Current Mortgage Rates for Tuesday, April 10, 2012
Mortgage rates improved yesterday, and will likely stay flat or improve somewhat today. Yesterday’s improvement was mostly a reaction to the previous Friday’s sub-par jobs report (the markets were closed last Friday, so the reaction was delayed by a day. There aren’t any very significant economic reports due out today, so most of the market movement that we see will be a result of news (possibly out of Europe), past events, and rumors.
The Producer Price Index and Consumer Price Index are due out on Thursday and Friday of this week respectively. These Indices should give us some idea of where inflation is headed, which will in turn inform us at least a little bit as to the chances the Fed undertakes further quantitative easing. If there are signs that inflation is increasing, the chances of QE3 would likely diminish. If inflation is under control, the chances of QE3 probably remain the same.
Personally, I think the chances of QE3 hinge on primarily on a handful of different factors. The first is inflation. Rising inflation would significantly reduce the chances of further easing. I think the second factor is the situation in Europe. If Europe continues to deteriorate and threatens to drag the U.S. into a renewed recession, the chances of QE3 would increase. The third factor is April’s jobs report.
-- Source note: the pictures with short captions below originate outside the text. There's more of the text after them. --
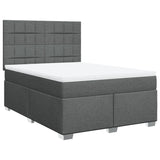 Box Spring Bed with Mattress Dark Grey Queen Fabric - Front View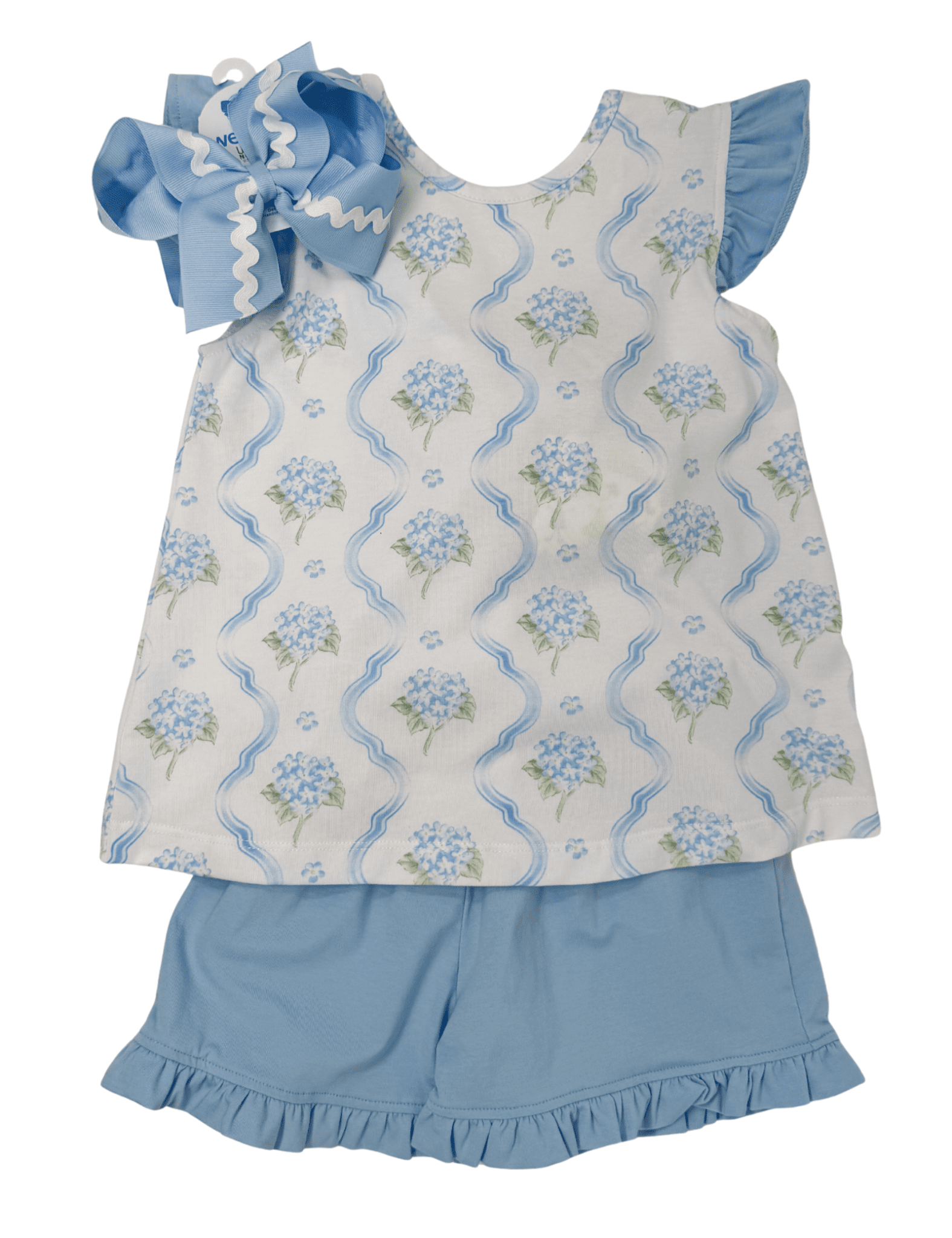 Blue Hydrangea A/S Short Set Girls Sets Three Sisters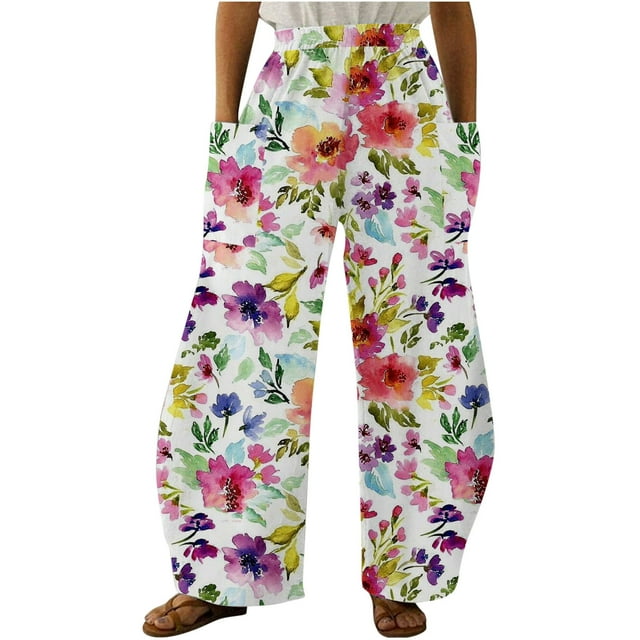 Birdeem Fashion Women Comfortable Printed Color Drawstring Leisure Pants Pockets Loose Pants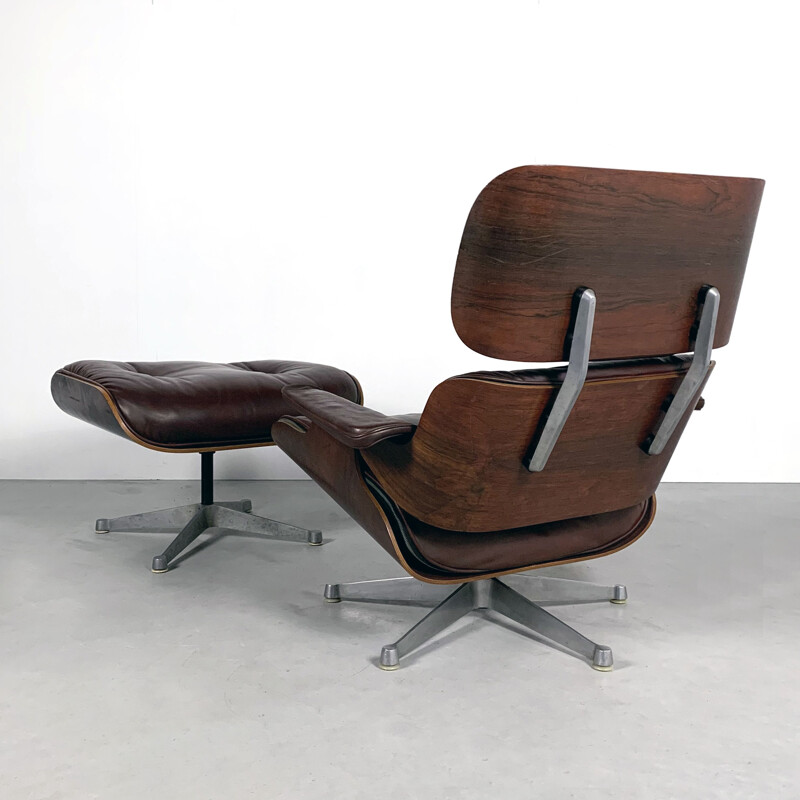 Vintage Eames Lounge Chair plus Ottoman by ICF for Herman Miller, 1960s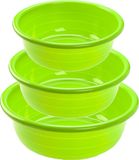 Forte Plastics Voordeelset multifunctionele kunststof ronde teiltjes groen in 3-formaten - 11-20-30 liter inhoud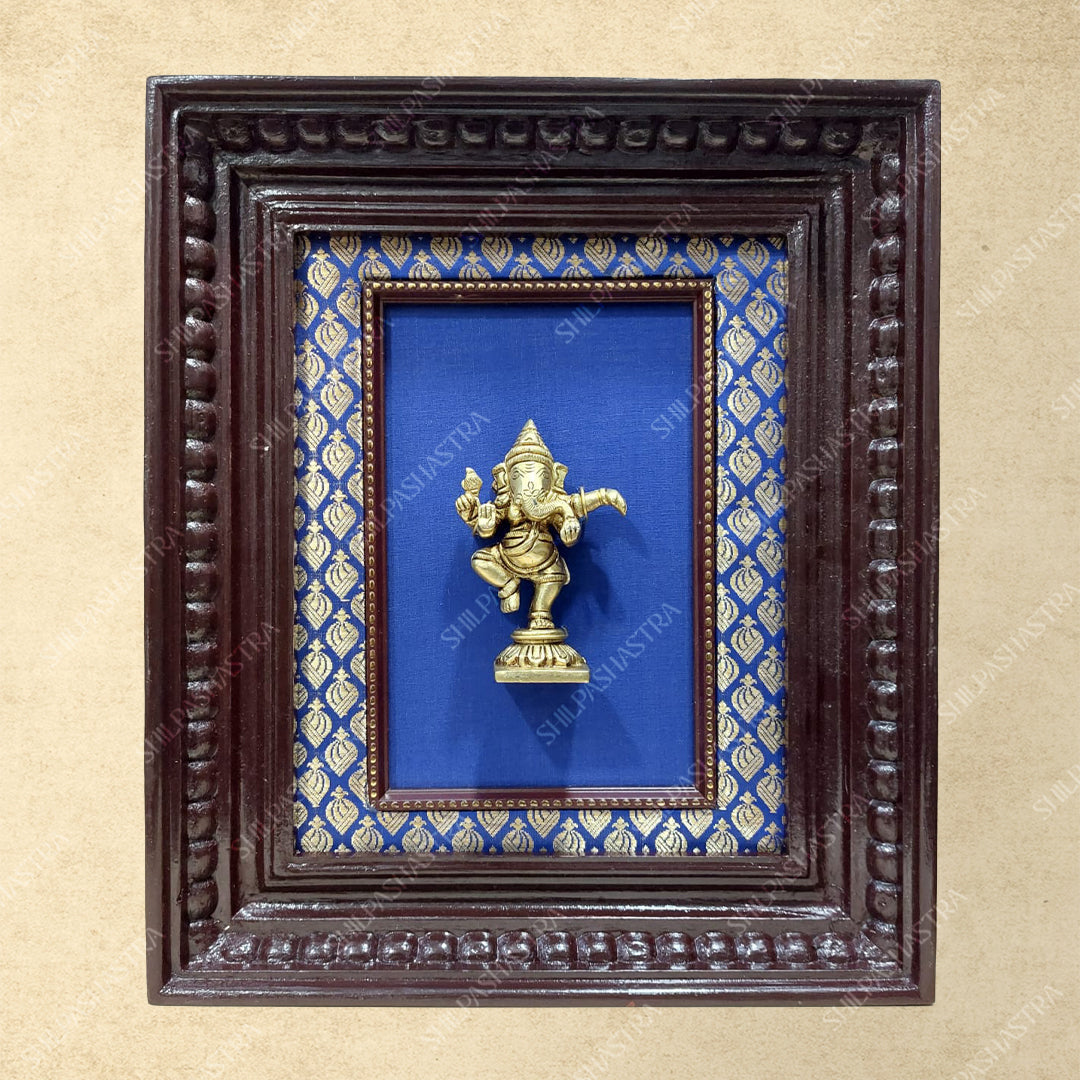 Large Brass Dancing Ganesha in Manipuri Style Teakwood Heritage Frame Wall Decor for Home & Pooja (Size 10 In x 8 In)
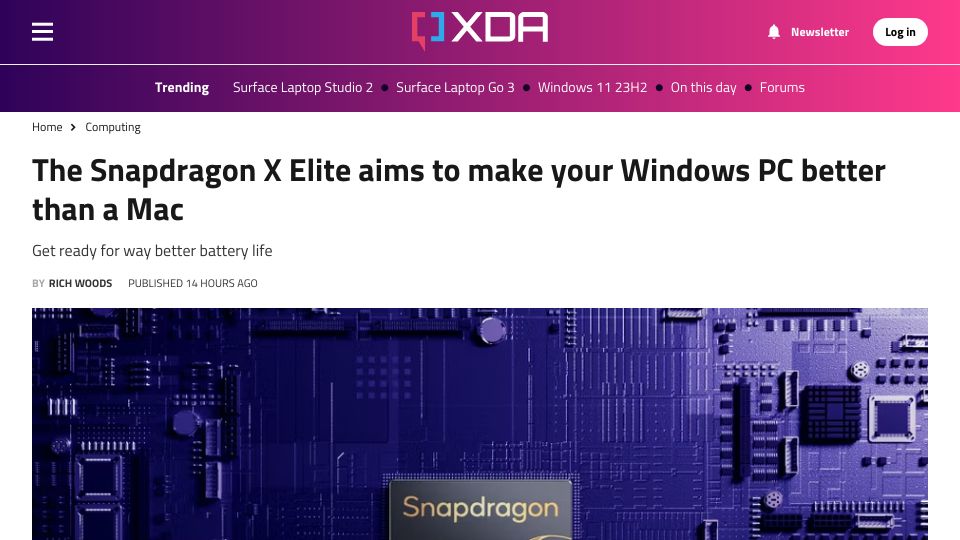 Screenshot of xda-developers.com: The Snapdragon X Elite aims to make your Windows PC better than a Mac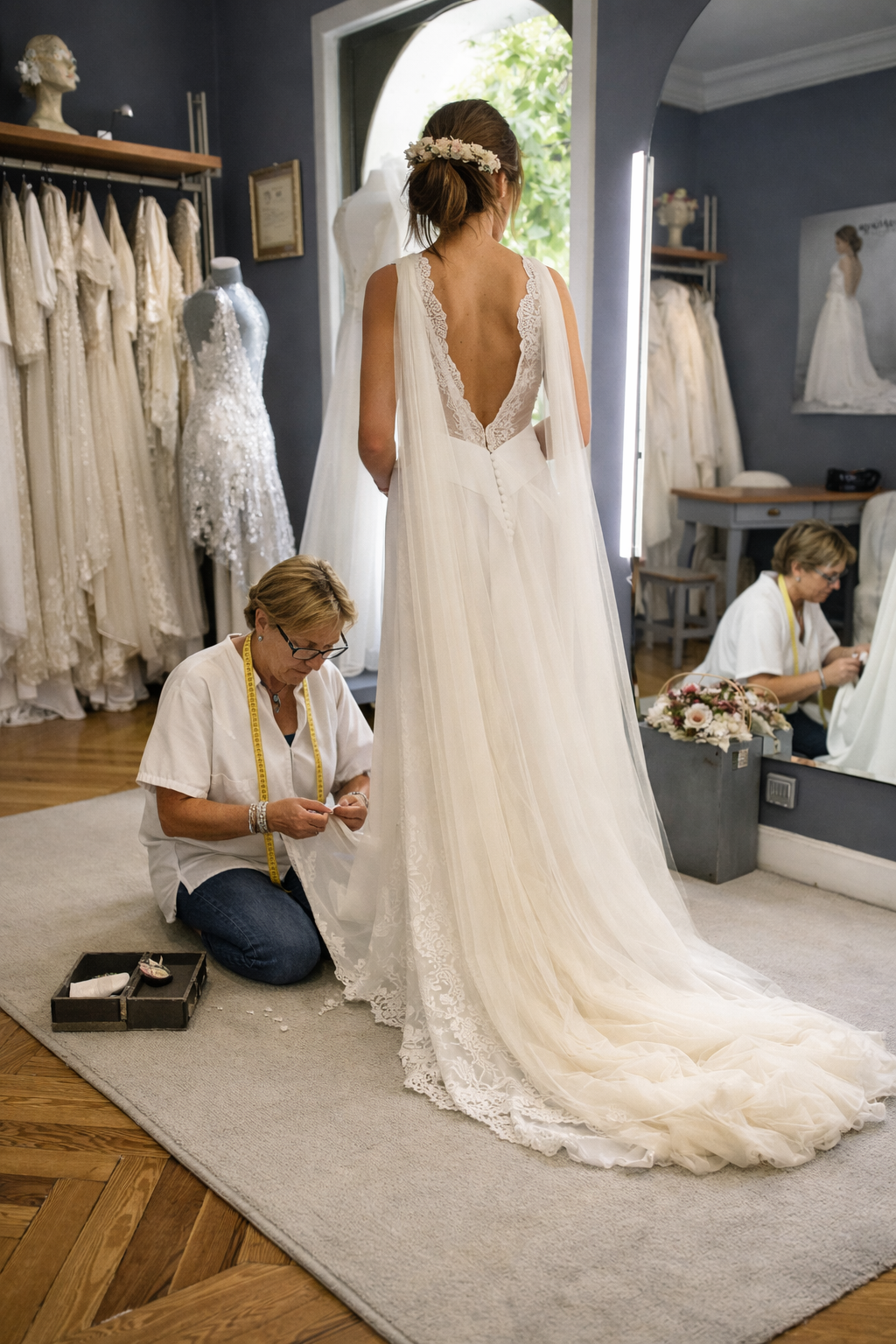 Couturière en train de raccourcir la longueur d’une robe de mariée lors d’une retouche en atelier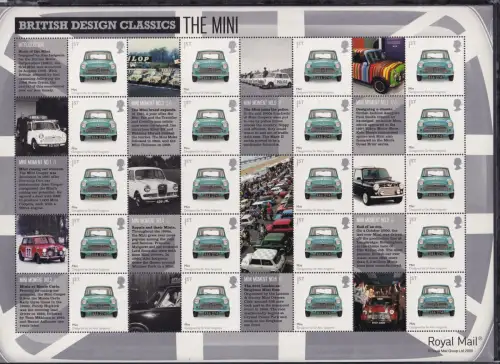 Großbritannien 2695 II postfrisch Smilers Bogen "British Designe" 2009 #DEN54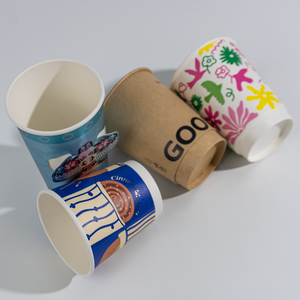Hot Sale 12oz 16oz Biodegradable White Craft Paper Disposable Single Cups Single Wall Coffee Paper Cups Water Cup Stamping Logo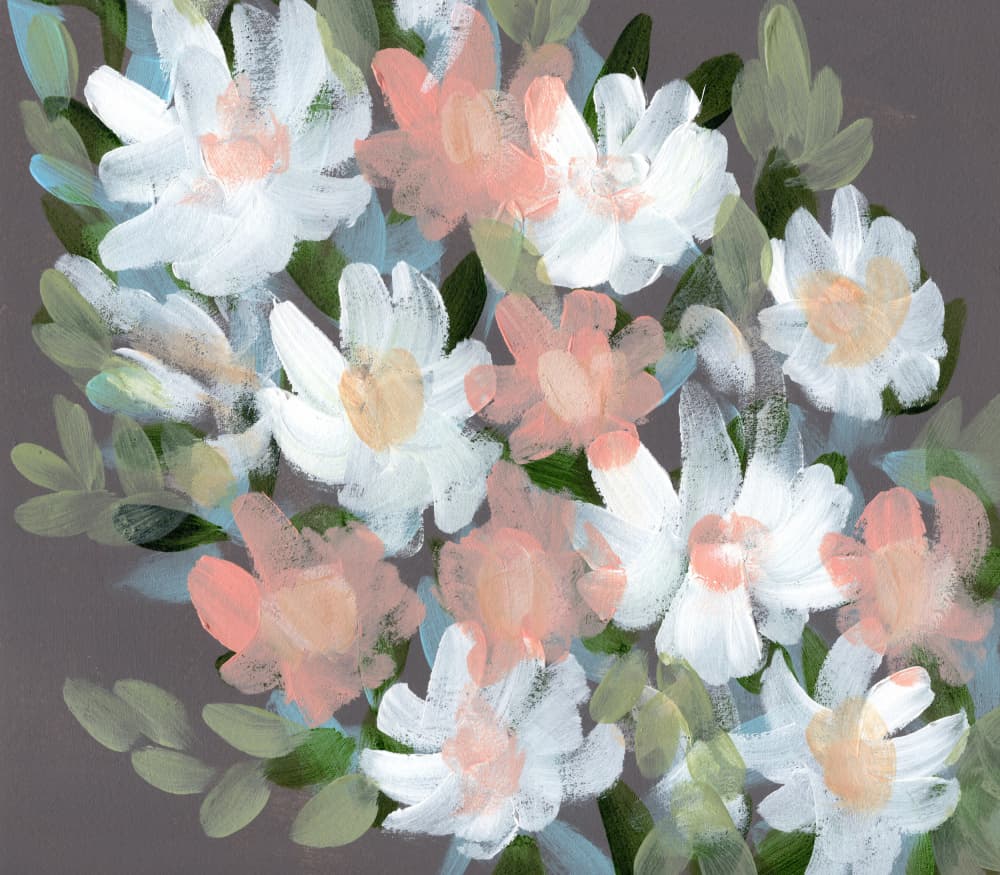 Muted Floral Bouquet by Shelley Hampe — canvas wall art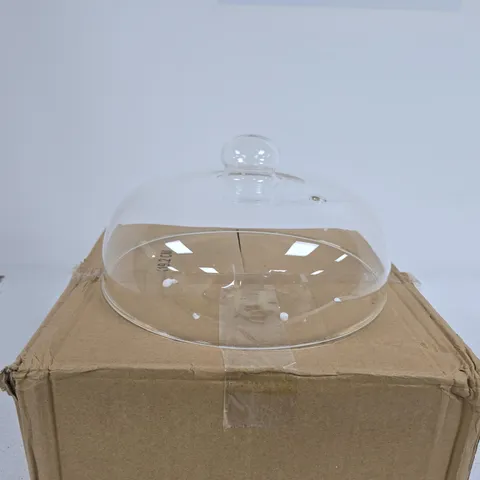 GLASS CAKE DOME COVER WITH OVEN GLOVE BOXED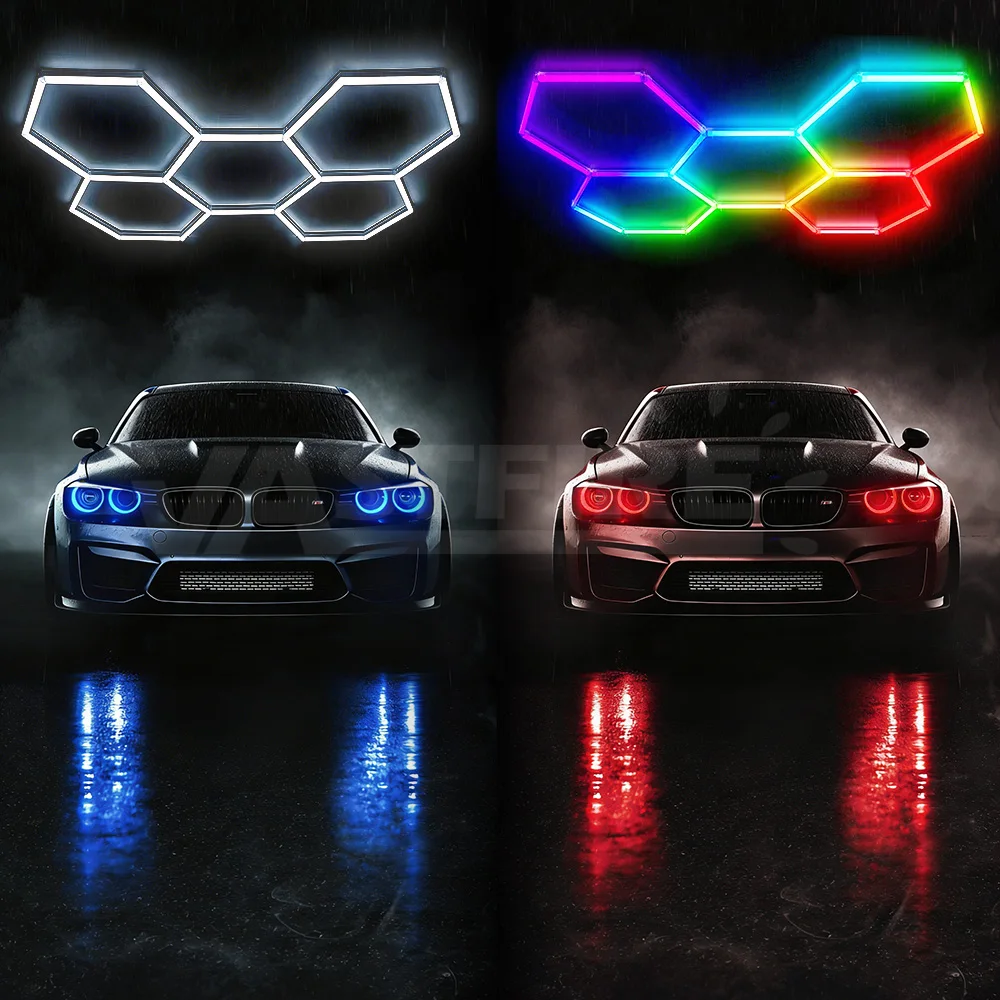 

Светодиодный светильник для гаража с RGB и белым светом, шестиугольный, в форме сот, сверхъяркий, DIY-дизайн, подходит для гаражей, мастерских 4S, спортзалов.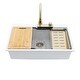preview thumbnail 13 of 16, 33 x 22 inch Composite Granite Quartz Drop In Kitchen Sink with Pull-Out Faucet and Cutting Board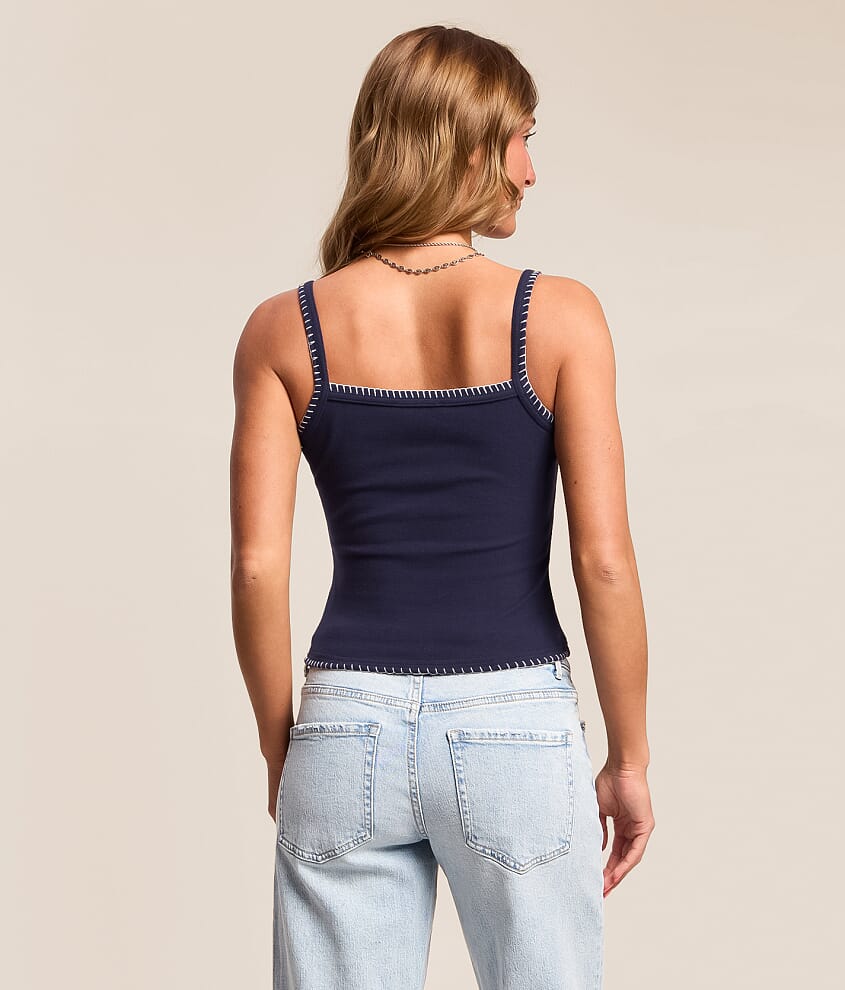 Embroidered Flag Tank Top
March’s jobs report was disappointing. A second bad jobs report could be the beginning of a trend, which would also increase the chances of QE3. The long-term trend for mortgage rates ultimately is going to hinge on the chances of (or the perception of the chances of ) QE3. We should be able to make a more accurate determination in the near future.
So right now we are more or less in a holding pattern until later this week. For now, rates will remain close to record lows.
Total Mortgage is committed to getting you the lowest possible rate. To get information on our rates and products, call us today at 877-868-2503, or fill out the form to the right.
Today’s News, Links, and Things I’m Reading:
NYT: In Europe, Unease Over Bank Debt. Europe is pretty much a house of cards awaiting a slight breeze…
Dave Dayen: New Report Shows 26 Fortune 500 Businesses Paid Negative Tax Rate From 2008-2011. Taxes are for the little people.
ProPublica: The Great American Foreclosure Story: The Struggle for Justice and a Place to Call Home.
McClatchy: Consumer Watchdog Proposes Crackdown on Mortgage Companies. More on this later.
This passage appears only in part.